Not exactly a newsflash

It's hardly news that the NY Times no longer makes even a pretense of being unbiased. But they outdid themselves this morning.

Mitt Romney is visiting London, and yesterday was asked by NBC what he thought of the security preparations for the Games. In an effort to show that he had been briefed and was on top of things, he replied, "There are a few things that were disconcerting, the stories about the private security firm not having enough people, the supposed strike of the immigration and customs officials, that obviously is not something which is encouraging."

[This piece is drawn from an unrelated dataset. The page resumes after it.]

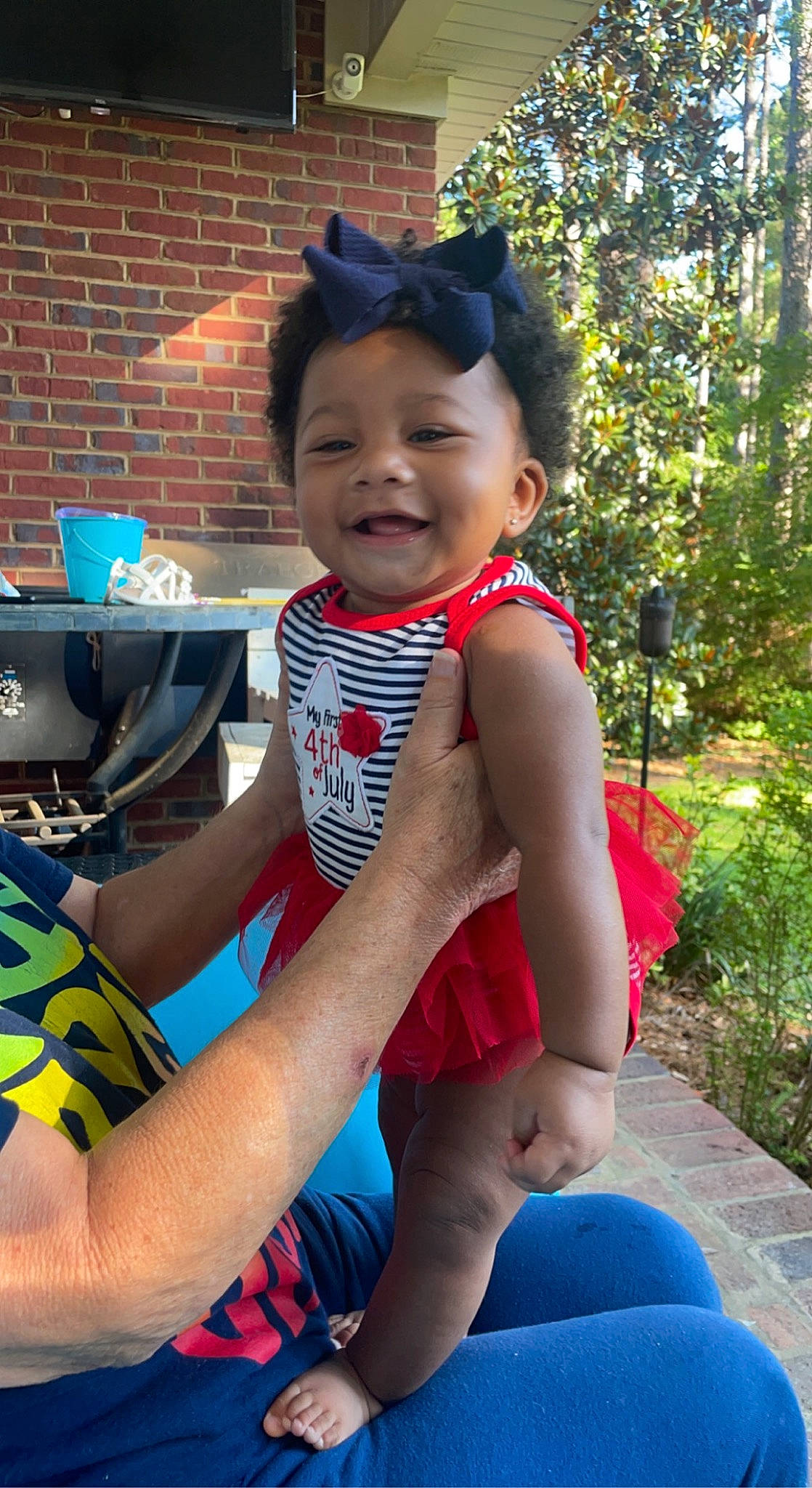 Braylee is registered to the contest to win money with this photo: baby_toddler_clothing, blue, child, computer_keyboard, cool, electric_blue, fun, happy, human_leg, joy, leisure, person, personal_protective_equipment, plant, recreation, sitting, smile, t_shirt, thigh, toddler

Today the NY Times had a large picture of Romney, spanning four columns at the top of the front page, with the following caption:

"An Awkward Exchange in London. Mitt Romney leaving 10 Downing Street on Thursday, began a trip abroad aimed at showing off his diplomatic skills by questioning London's preparedness for the Olympics, prompting a tart reply from Prime Minister David Cameron of Britain."

Is the Newspaper of Record supposed to drip with sarcasm?

(By the way, it's pretty obvious that NBC, the on air equivalent of the Times, wanted to get Romney on the record saying that the security arrangements were perfectly good -- just in case there are any breaches during the Games.)

If they weren't so biased, imagine the fun the Times could have had when Barack Obama showed off his diplomatic skills by presenting Queen Elizabeth with the official state gift of an iPod filled with his speeches:

"Ego Problems Anyone?"

"Queen Elizabeth's Insomnia Finally Cured."

Or, "This'll Sure Keep Her up at Night."

"That's a Gift?"

"Second Prize, Two iPods."

But no. At least give the Times credit for consistency. They never, ever veer from the party line.